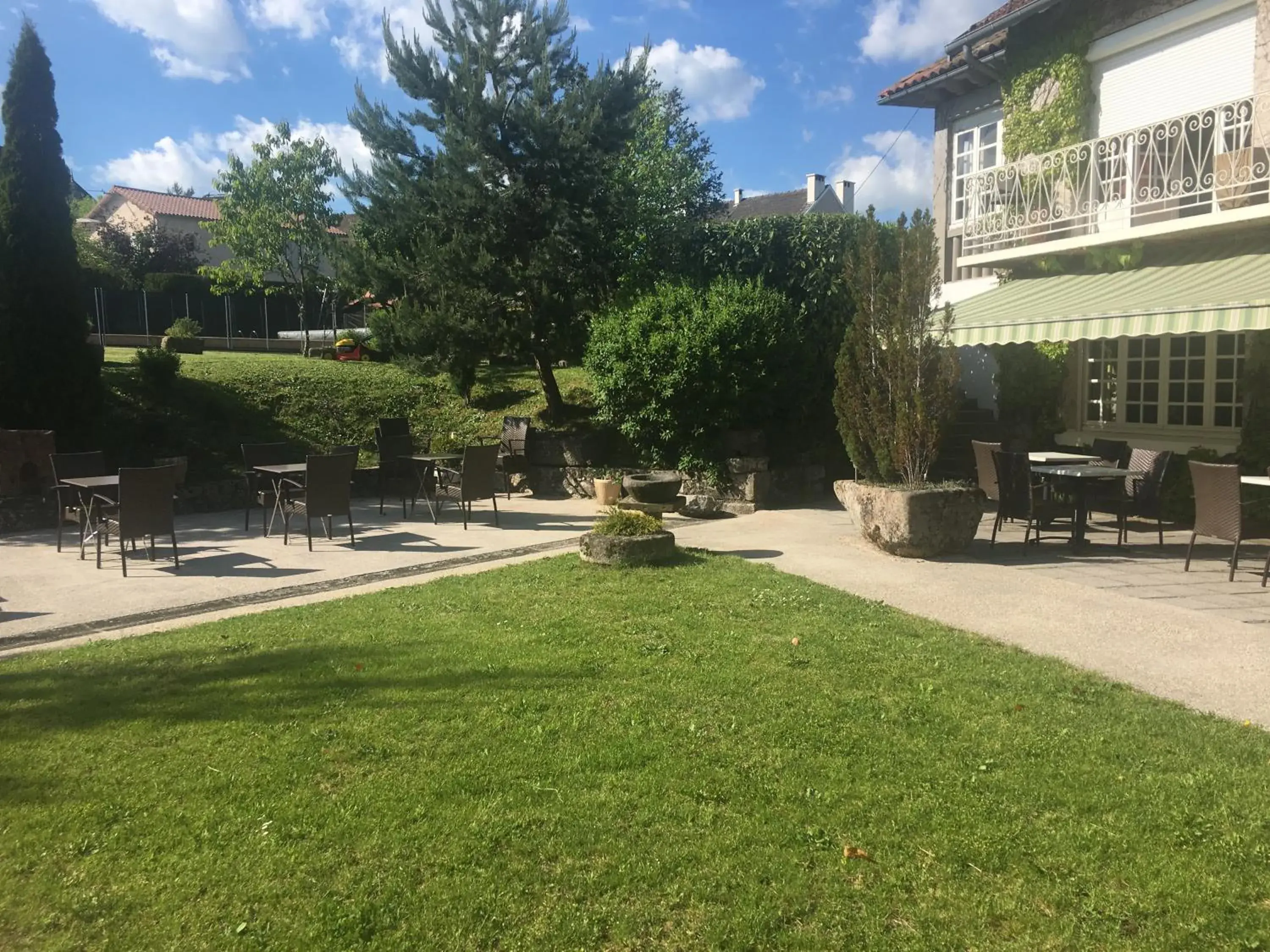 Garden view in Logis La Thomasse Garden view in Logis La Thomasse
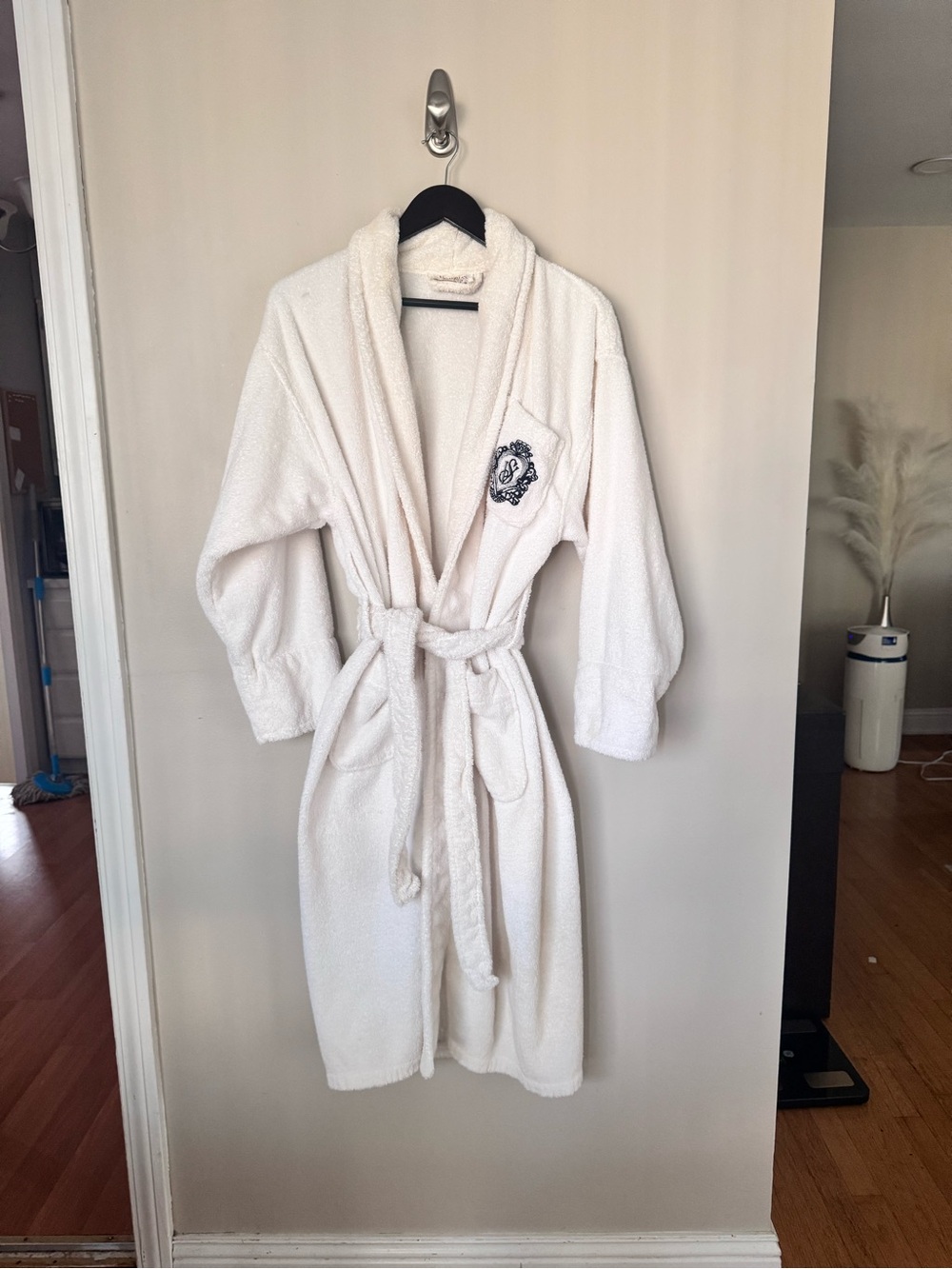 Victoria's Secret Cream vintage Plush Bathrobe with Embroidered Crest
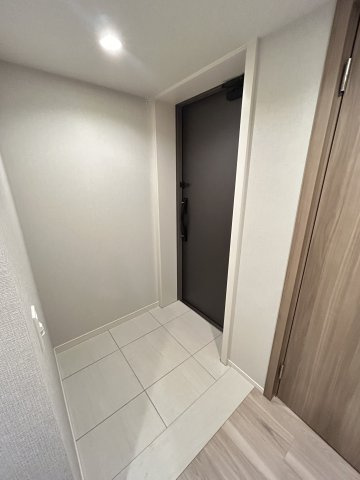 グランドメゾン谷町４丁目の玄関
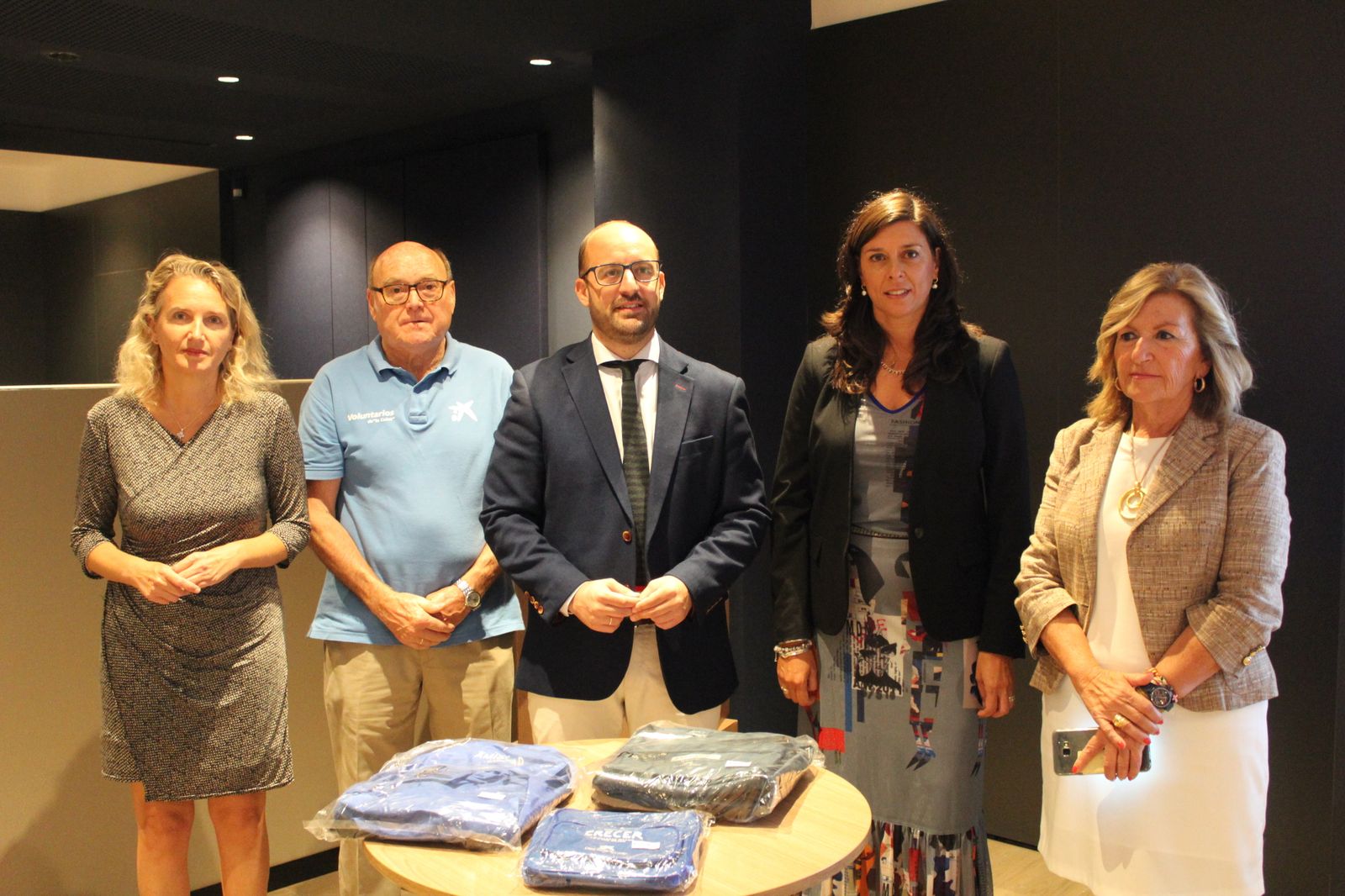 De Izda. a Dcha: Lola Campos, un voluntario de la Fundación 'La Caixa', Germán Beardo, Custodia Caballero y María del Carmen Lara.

==

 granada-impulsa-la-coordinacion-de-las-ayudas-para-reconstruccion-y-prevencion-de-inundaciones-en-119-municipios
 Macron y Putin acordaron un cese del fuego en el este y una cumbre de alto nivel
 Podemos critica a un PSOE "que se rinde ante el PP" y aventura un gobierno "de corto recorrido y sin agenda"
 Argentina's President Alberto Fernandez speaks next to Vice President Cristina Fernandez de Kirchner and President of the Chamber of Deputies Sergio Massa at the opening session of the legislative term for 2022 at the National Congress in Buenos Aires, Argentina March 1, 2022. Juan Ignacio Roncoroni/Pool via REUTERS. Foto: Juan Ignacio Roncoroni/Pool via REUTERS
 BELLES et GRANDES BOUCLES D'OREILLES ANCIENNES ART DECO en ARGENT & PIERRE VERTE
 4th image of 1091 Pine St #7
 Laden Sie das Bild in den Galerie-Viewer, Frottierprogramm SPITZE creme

> _ASSIGNMENT_:
In the entries above, the lines between the one holding "4th image of 1091 Pine St #7" and the one holding "Laden Sie das", inclusive, are to be printed exactly as written, and those alone.

> _TASK SOLUTION_:
 4th image of 1091 Pine St #7
 Laden Sie das Bild in den Galerie-Viewer, Frottierprogramm SPITZE creme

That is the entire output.